This instructable was created in fulfillment of the project requirement of the Makecourse-Art at the University of South Florida (www.makecourse-art.com). It is a Pulse sensor transmitting to a display station. This project was created by both Ricky Strawter and Jean Carlos Olivo
Materials used 5 Volt battery pack
3x solderless breadboards
Pulse Sensor Amped sensor
ebay 433mhz transmitter and receiver modules
3 arduino's (leonardo/uno's)
8x8 LED Matrix
3D printed enclosure
laser cut acrylic enclosure
hot glue gun
The altered Pulse Sensor Amped code for transmission can be seen and found here: https://github.com/JCinUSoF3/RFpulsSensor/tree/ma...
The Receiver and display code can be found here:
Step 1: Transmitter and Receiver Set Up
Assemble the transmitter and receiver modules making sure they are connected correctly to the positive and negative power supplies as well as pins for data both on the module end and on the Arduino end which is set within the code. ( note that modules require VirtualWire library).
Make sure the the transmitter and receiver are sending and receiving data by transmitting a string of text or any characters (note they will need an antenna soldered onto the modules both of which are pretty directional and distance sensitive).
Step 2: Pulse Sensor Setup
Once we have the transmitters working it's time to move on to the actual pulsesensor it's setup is pretty simple and the creators over at http://pulsesensor.com/products/pulse-sensor-amped have a much better getting started write ups and videos on setting up the sensor and having it run in no time.
Step 3: Combining the Pulse Sensor and Transmitter Receiver Modules
Once we are sure that both our transmitter and receiver are working as well as the Pulse sensor reading pulse data to it's respective arduino, we combine the transmitter and the pulse sensor in order to send the information over wirelessly towards the receiver module. The receiver module then takes this information and displays it on the arduino which it is connected to on an LCD display (in order to get the LCD to display the LiquidCrystal_I2C, and the Wire libraries must be downloaded and imported into the receiver's arduino code).
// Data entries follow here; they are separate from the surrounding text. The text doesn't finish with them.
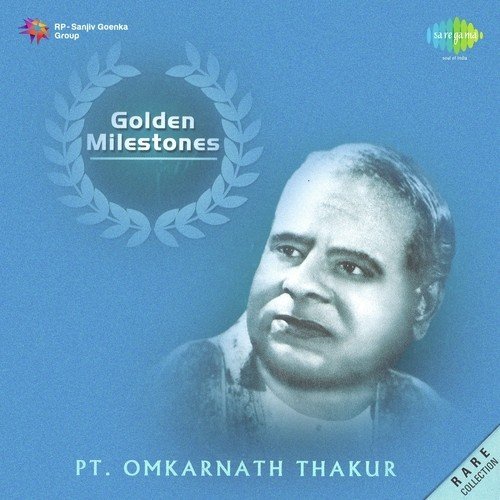 Classical Gold Pandit Omkarnath Thakur
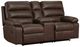 Affordable Furniture 1800 Cimarron Café Manual Reclining Loveseat-0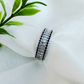 Elegant Ember Ring
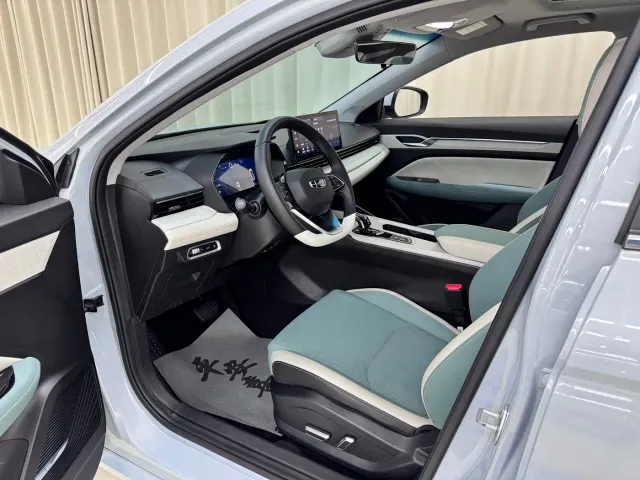 Geely Emgrand L — Фото автомобиля 5
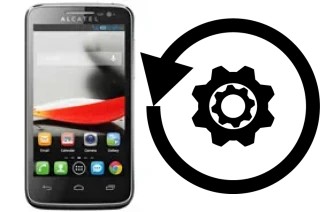 Comment réinitialiser ou reset un alcatel Evolve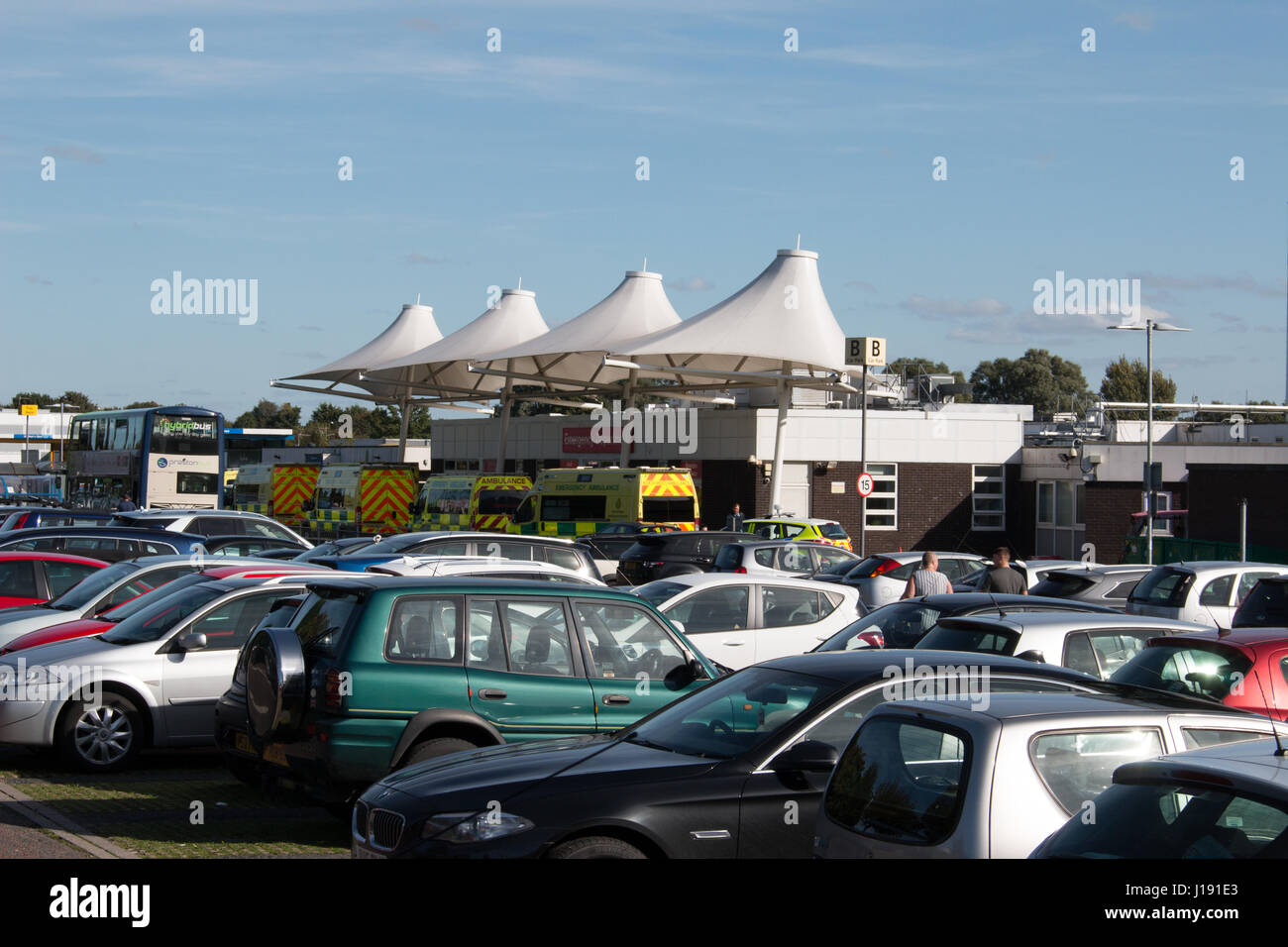 Preston hospital hires stock photography and images Alamy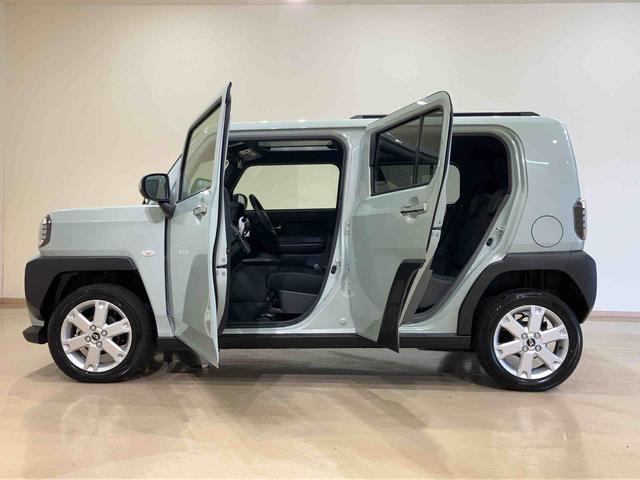 タフトＧターボ　クロムベンチャー（北海道）の中古車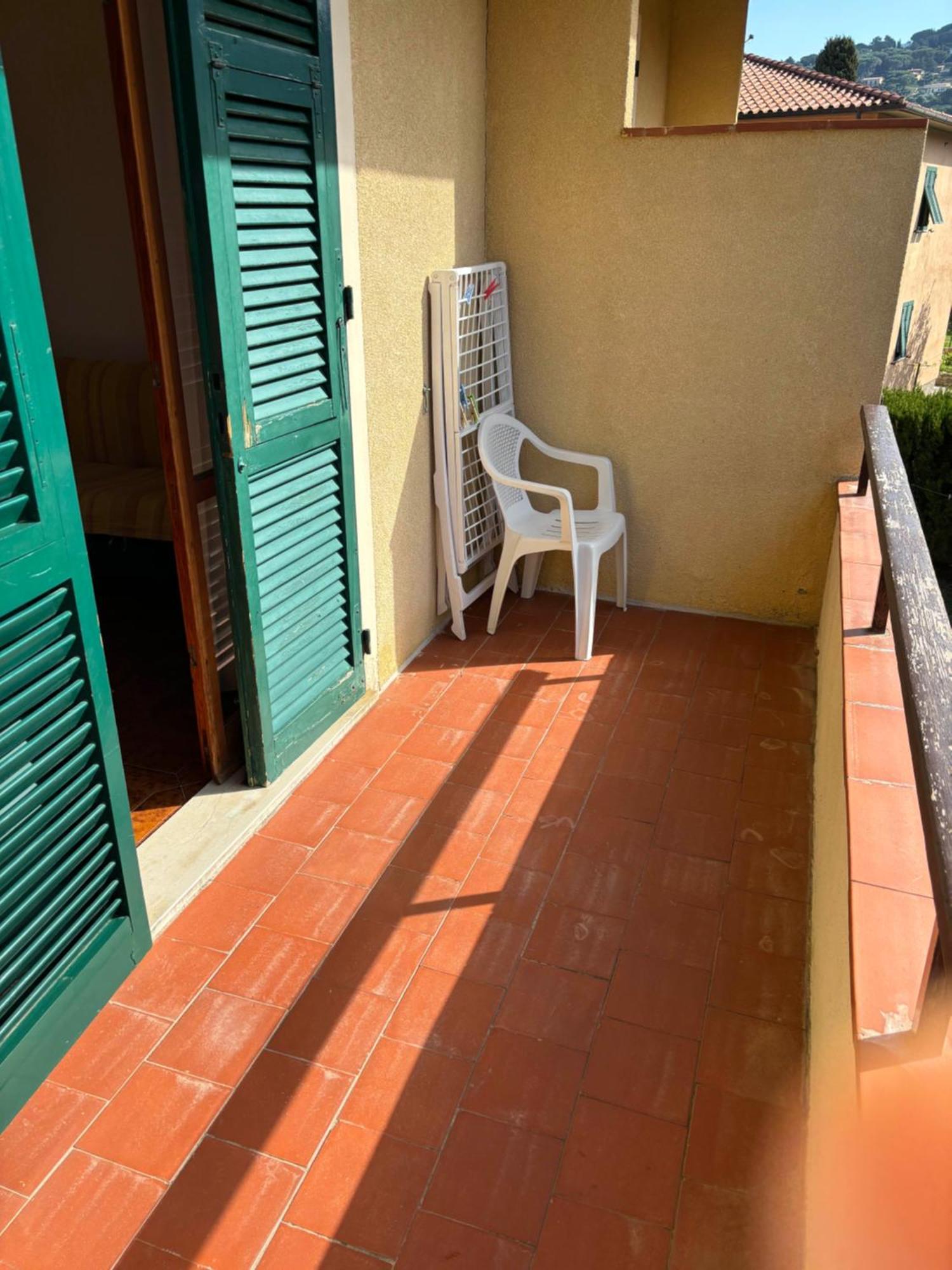 Casavacanze Zeus Marciana Marina  Exteriör bild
Once we have everything assembled we want to check and make sure that the code and circuit are reading the pulse transmitting it, the receiver then receiving the pulse and displaying it on the screen.
Step 4: The Circuits Home
Once the Circuit is built and functioning it will need a home. For this we created a 3D printed mounting station for the display and receiving arduino. The design for the receiver mounting station was created in Maya and has both an industrial yet almost chess like design, created using multiple pegs and flared ends. A laser cut enclosure was created out of acrylic for the transmitter housing in order to keep the circuit together while on the wearer's person.
Step 5: Final Product
Once finished one is able to carry the transmitter within reasonably sized pocket and run the wires for the sensor either to the earlobe or to one's fingers. For our project we kept the transmitter in the pocket of a large jacket powered by a 5 V battery pack and made sure the antenna was out and visible by the receivers antenna( using rather haphazard hand sewing). In the end the small modules are rather sensitive and are very directional I have read in comments of other projects using these modules that they are able to achieve better gain and distance with a larger power supply but for the sake of this project and fear of frying either an arduino and or the transmitter we stuck with the arduino's power supply.